Good read, Joe. Thanks!

~Cheers

2/8/08

Pogo and Plastic Bags

I was listening to "Here & Now" on WHYY the other day and heard an interview with Bob Lilienfeld on the issue of "paper vs. plastic." It's one of those issues that makes my head hurt because of the complexity.

First we welcomed plastic bags because we could stop using paper bags and "save the trees." Now plastic has taken over the landfills, bags are hanging shredded from trees along the highways, and they're spilling from our closets as we collect them to take to the grocery to recycle them - assuming our stores actually do recycle them, and not just pitch them (as some do).
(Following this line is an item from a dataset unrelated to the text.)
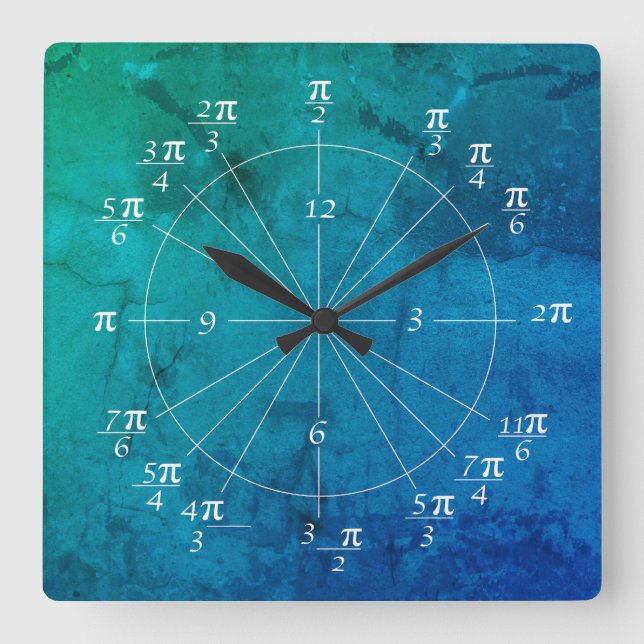 Unit Circle Clock-Blue Square Wall Clock (Front)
Did you know, for example, that 50% of all the plastic bags collected for recycling by grocery stores such as ours (Giant) are not made into more grocery bags, but instead into faux wood decking? Which is good, in that they don't wind up caught in trees along the highways or in landfills, but bad in that eventually they do end up in landfills when the decks are no longer wanted, and then they will take even longer to break down. It also means that more plastic bags are manufactured from scratch to take the place of the ones that are made into faux wood decking instead of into recycled plastic bags.
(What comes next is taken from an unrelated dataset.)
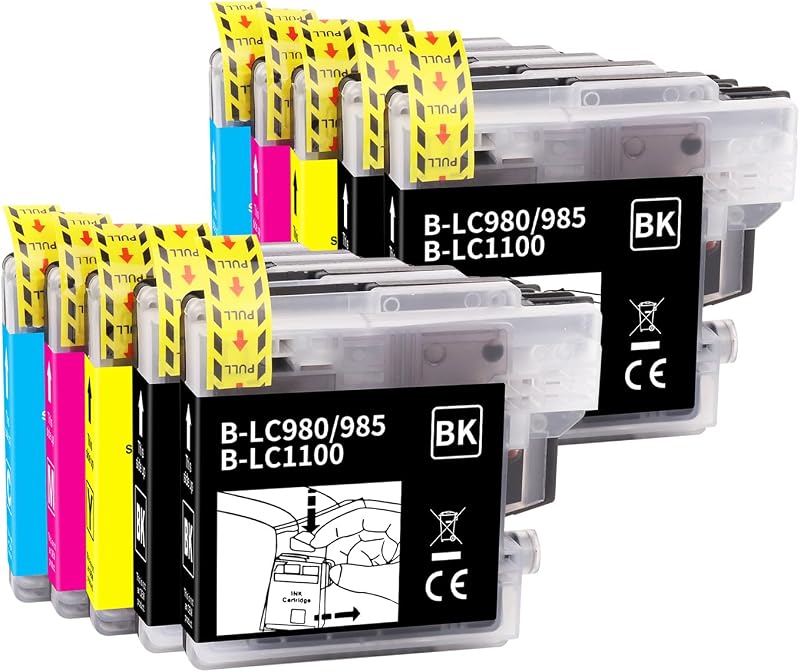 LC-980 LC-985 LC-1100 Replacement Ink Cartridges for Brother LC980XL LC1100XL - Compatible with DCP-J140W 145C 165C 185C 195C 197 197C 373CW 365CN 375CW 385C 390CN 383C C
Is the faux wood decking worse than using real wood? Hm, says Lilienfeld, maybe not, because we have to factor in the chemicals used to pressure treat real wood if it's going to be made into decks (so that it won't rot - i.e. biodegrade), and if you paint it, those chemicals as well. What goes into making the paint & the chemicals? And of course, how long does it take the paint & chemicals to break down (and what do they do to the environment when they enter the soil)? Not so easy to determine which is greener.
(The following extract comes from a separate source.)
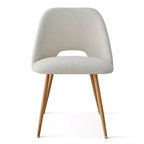 Lot de 2 chaises de salle à manger tapissées Boucle, chaises de cuisine modernes et confortables avec dossier incurvé et pieds en métal - Panipeachy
Say, how about those new biodegradable plastic bags? They sound better than they are, according to Lilienfeld. The problem is that the one grocery stores are beginning to use cannot biodegrade in ordinary landfills, but must be buried in special landfills, meaning that municipalities must set up their own plants that can process
polyhydroxyalkanoate (PHA) (yes, I had to look that word up - my memory for chemical compounds isn't that good!). Here's the only article I could find on it quickly.

What about everything we've heard about those great "compostable" plastic bags? Well, I haven't spoken with anyone who has used them, so I don't know. This site and this one
both promise "no actual polyethylene," but why add the word "actual"? Do they contain "virtual" polyethylene? I just wonder about that wording. Lilienfeld warns that these so-called "biodegradable plastic bags" are NOT compostable and should NOT be put in compost that is used on vegetables.

A caller to the show pointed out that another problem with using cornhusks, the most common ingredient in these alternative plastic bags, is that it means fewer cornhusks are plowed under. The benefit of plowing cornhusks into the soil is that they prevent soil erosion. Make enough of these cornhusks into plastic bags, and more erosion results. Sheesh, I would never have thought of that, but it makes sense!

As Pogo said, "it's all connected."

So what's the solution? Reusable bags, for one. We have a bunch of cloth bags, and we have a few that fold up pretty small to be stuffed in pockets, and we can carry them around just in case. If stores stopped giving away bags, people would start carrying their own (after they spent a mighty long time bitching about poor service).

Ah, it doesn't really solve the problem, does it?

~Psi

2/3/08

It's Still Me!

So, N wanted her own blog. I decided to let her do it, since she wants to do all the writing herself, and it's good typing practice (does anyone call it typing any more, or is it all keyboarding?) as well as spelling, though I'm helping her with both at her request. Feel free to leave her comments. For all I know, her first post will be her last.

In order to give her a photo of her own, and her own name, I had to take mine off. I also took my account off the books, so to speak, so no one can find it in searches, since I've no idea what she'll want to post in the way of family photos or photos of herself. I guess this is the elementary school version of MySpace.